(Excerpts from a dataset)
○ ○ ○ ○ ○
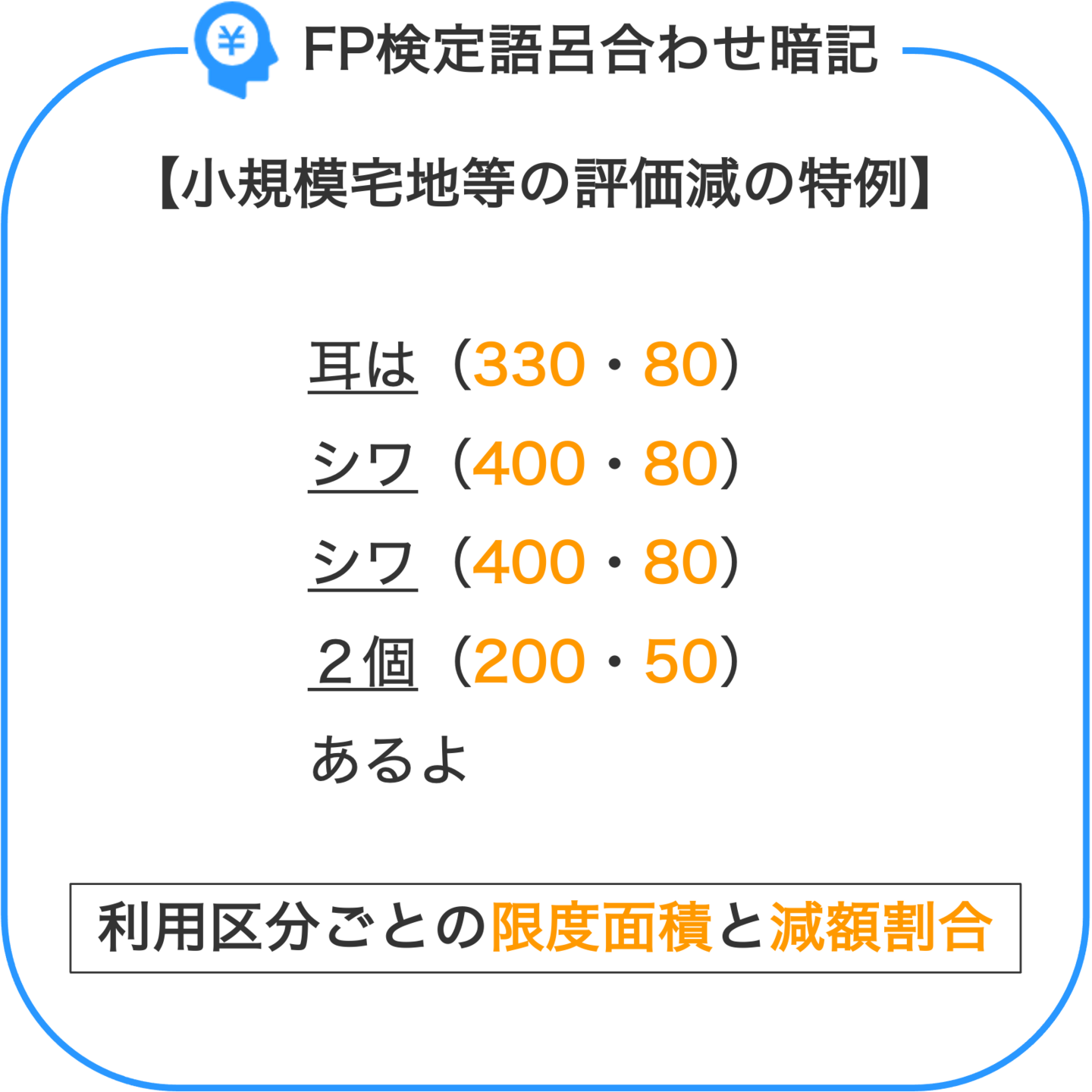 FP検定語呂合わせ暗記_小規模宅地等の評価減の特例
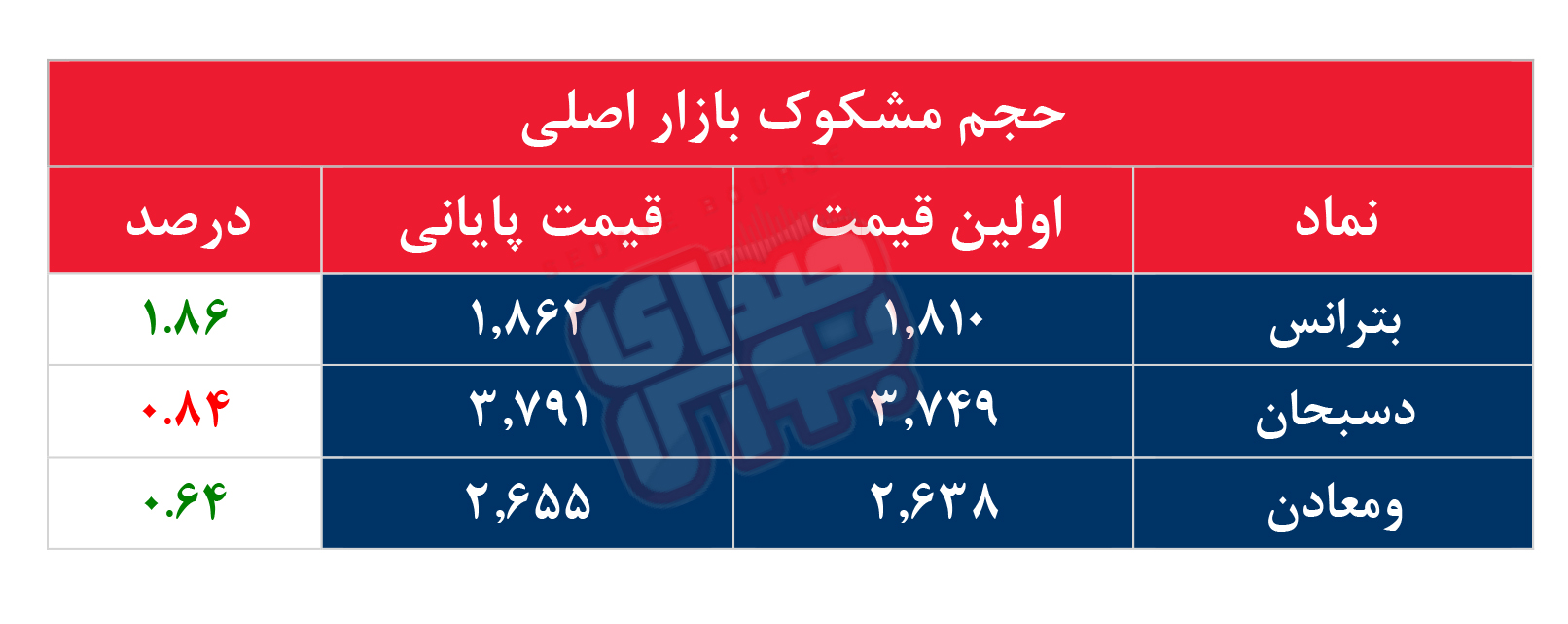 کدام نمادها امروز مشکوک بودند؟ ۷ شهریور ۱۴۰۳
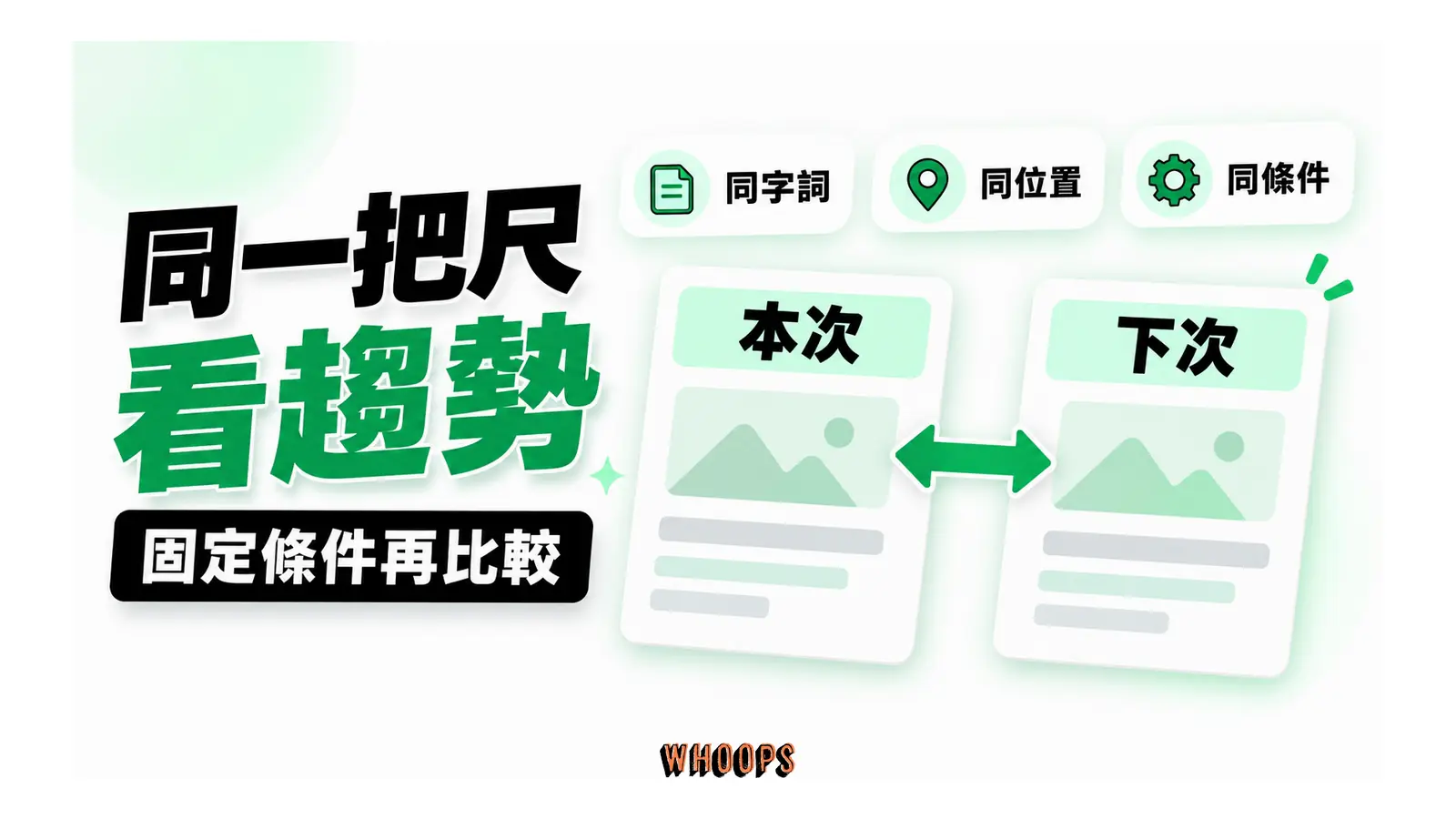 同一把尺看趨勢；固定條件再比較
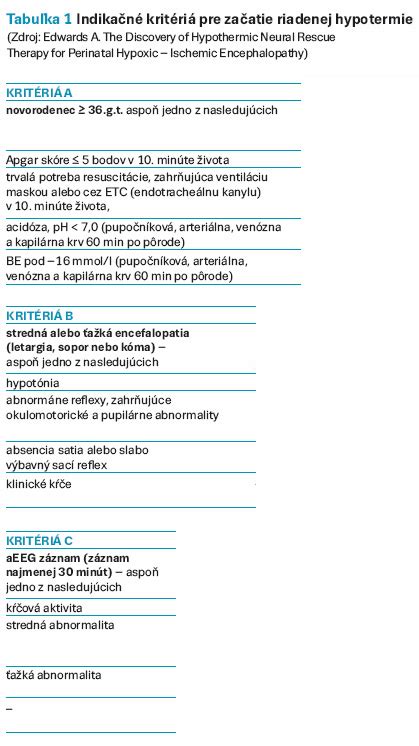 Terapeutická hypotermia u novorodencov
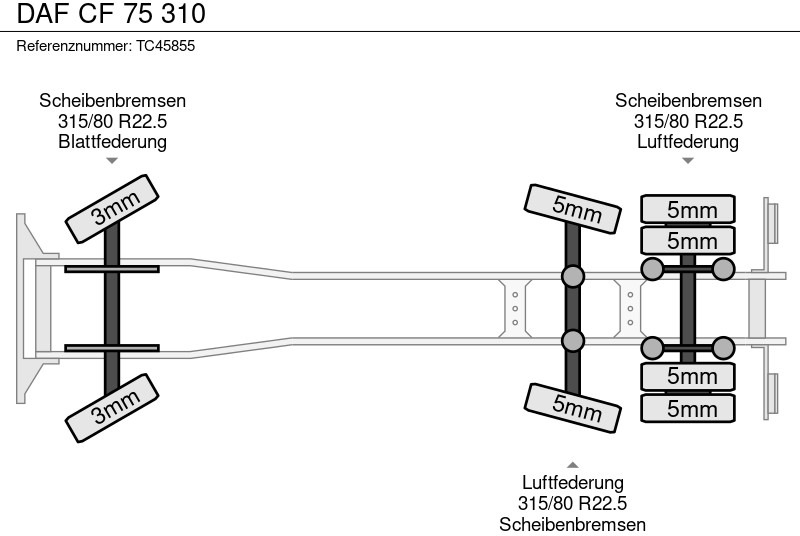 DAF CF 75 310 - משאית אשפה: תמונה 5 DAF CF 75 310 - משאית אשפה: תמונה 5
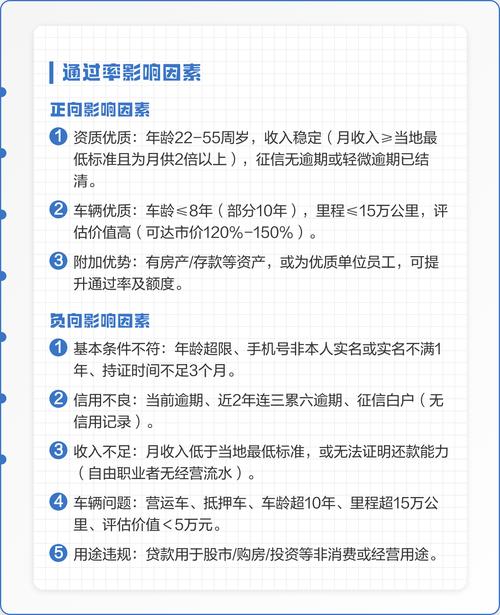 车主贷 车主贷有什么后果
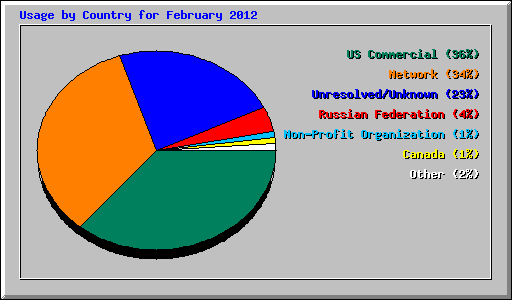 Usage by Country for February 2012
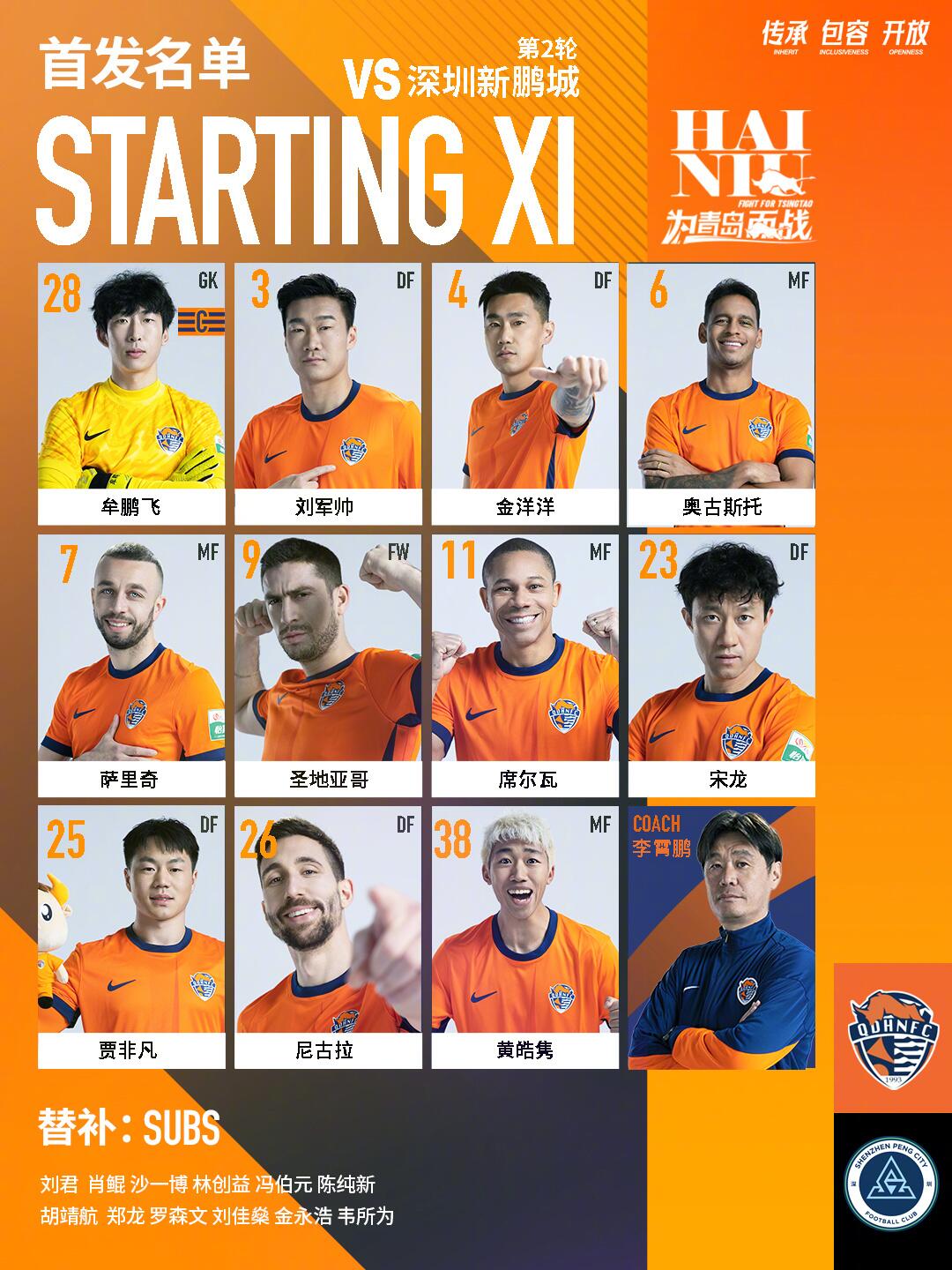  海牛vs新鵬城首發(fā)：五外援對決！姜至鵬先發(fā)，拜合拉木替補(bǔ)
○ ○ ○ ○ ○
(Work item)
Please write out all the data word for word, but keep every picture out.

(Result of this task)
 FP検定語呂合わせ暗記_小規模宅地等の評価減の特例
 کدام نمادها امروز مشکوک بودند؟ ۷ شهریور ۱۴۰۳
 同一把尺看趨勢；固定條件再比較
 Terapeutická hypotermia u novorodencov
 DAF CF 75 310 - משאית אשפה: תמונה 5 DAF CF 75 310 - משאית אשפה: תמונה 5
 车主贷 车主贷有什么后果
 Usage by Country for February 2012
  海牛vs新鵬城首發(fā)：五外援對決！姜至鵬先發(fā)，拜合拉木替補(bǔ)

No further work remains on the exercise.